Мы попали в тупик. Больше так жить нельзя. Но как можно? Как сделать так, чтобы революция стала вельветовой? Ведь ругая революции, Анатолий Кучерена забыл о бескровных революциях в конце 1980-х годов. Не в Румынии, но в Польше. Однако наш царь, как мы помним, слишком далеко зашел. Мы не знаем литературную составляющую нашего будущего. Кто будет на коне? Вместо скорых решений нужно думать, как, каким образом февральскую революцию сменила октябрьская. Почему пропустили момент? Пришел все тот же Ленин. Умеренные и сегодня не в чести среди революционных масс. Они предлагают диалог. Отличная идея. Кому он нужен? Тем, кто знает обо всех своих грехах? Умеренных потеснили. Все радуются. Вот они — настоящие, смелые люди. Борьба с коррупцией, с чудовищным произволом. Все за! Но кто вынырнет в разгар событий? Я не хочу правительственных штыков и дубинок. Я хочу зрелости революции. Но. Оглядываясь вокруг, я ее не вижу ни в одном лагере. Я вижу туманную видимость авторитарного режима, который вешает лапшу на уши, но c реальными дубинками самозащиты. Никто не хочет рокироваться со знаменитым заключенным. С другой стороны, нарастающий протест. Это и есть обычное русское чудо.

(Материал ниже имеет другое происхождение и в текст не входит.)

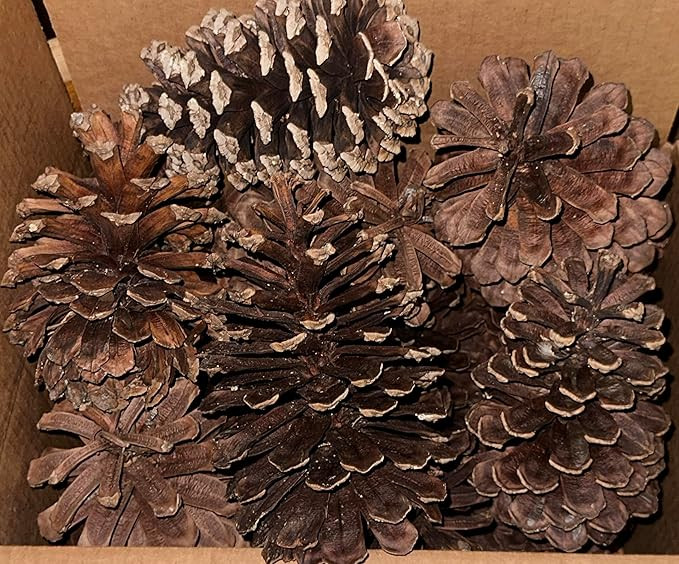30 Pine Cones Bulk Box 3-6 inches in Size. Real Pine Cones Hand Picked and Grown in U.S.A. | Amazon (US)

Писатель — революционер по своей природе. Если это действительно настоящий писатель, то его книги переворачивают читательское сознание. Но писатель не ограничивается социальным человеком, он идет дальше.
Я мечтаю о революции, но я не хочу ее. В сладких снах видится страна, которая объединяет и ценности, и культуры. В сладких снах видится разумный и просвещенный правитель, ласково ведущий народ за собой. Видится привлекательная и великая страна. Боже! Это сны Чернышевского! Вера Павловна, очнитесь!
Вернемся к реальности. Хорошо бы жить просто в нормальной стране. С честными выборами, которые бы не выигрывали наши друзья дочки Ле Пена. С полицией, у которой было хотя бы получеловеческое лицо. Мы этого, кажется, пока не заслужили. Но мы в России никогда не заслуживали и издевательств власти. Эти вечные вызовы обществу. Это злобное закручивание гаек.
Я люблю Россию за приближенность к истокам человеческой природы. Собственно, в этом нет ничего хорошего. Обнаженность корней объясняется страданием и отчаянием. Это напоминает руководство по хирургии. Но писатель должен видеть все это сверху. Только в этом он и похож на администрацию президента. Все остальное направлено против режима, каким бы он ни был. Это логика литературы.